The commodity is being pressured by an increase in production in the Middle East, which is outweighing a decline in U.S. output and a weak dollar.

Crude oil (WTI) is lower by 1.57% to $45.20 per barrel and Brent crude is declining by 2.225 to $46.32 per barrel.

The Organization of Petroleum Exporting Countries upped its crude production to 32.64 million barrels per day in April, Reuters added.

April exports out of Iraq's southern fields grew last month, and so did seaborne exports out of Russia, the largest exporter outside of OPEC.

Southwestern Energy is a Houston-based independent energy company engaged in natural gas and oil exploration, development and production.

Separately, TheStreet Ratings has set a "sell" rating and a score of D on Southwestern Energy stock. This is driven by several weaknesses, which TheStreet Ratings believes should have a greater impact than any strengths, and could make it more difficult for investors to achieve positive results compared to most of the stocks it covers.

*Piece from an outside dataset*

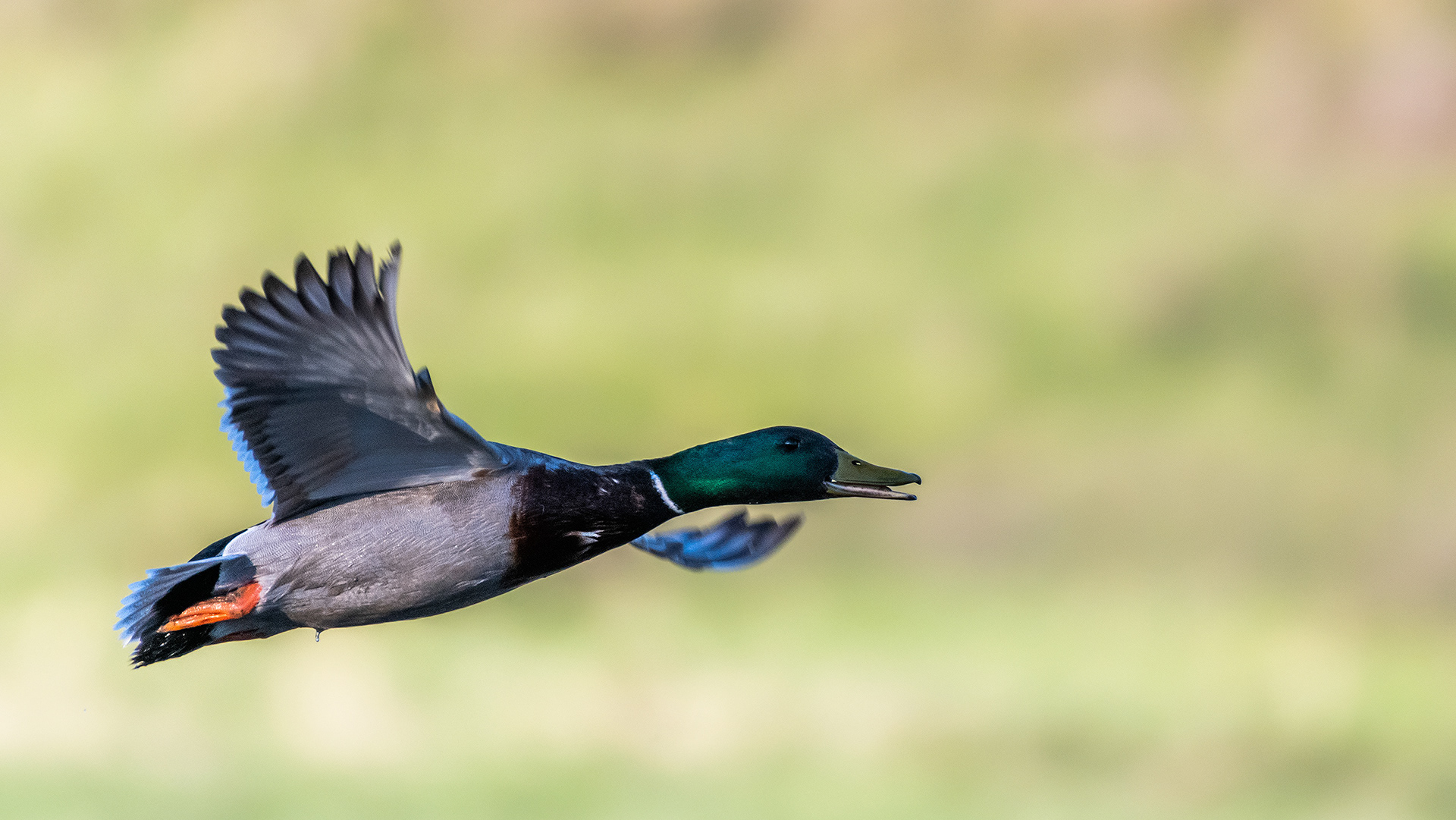 Mallard (male, in flight) at the Marshall Springs ponds in Fish Creek Provincial Park, Calgary, Alberta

The company's weaknesses can be seen in multiple areas, such as its deteriorating net income, disappointing return on equity, poor profit margins, weak operating cash flow and generally high debt management risk.

TheStreet Ratings objectively rated this stock according to its "risk-adjusted" total return prospect over a 12-month investment horizon. Not based on the news in any given day, the rating may differ from Jim Cramer's view or that of this articles's author.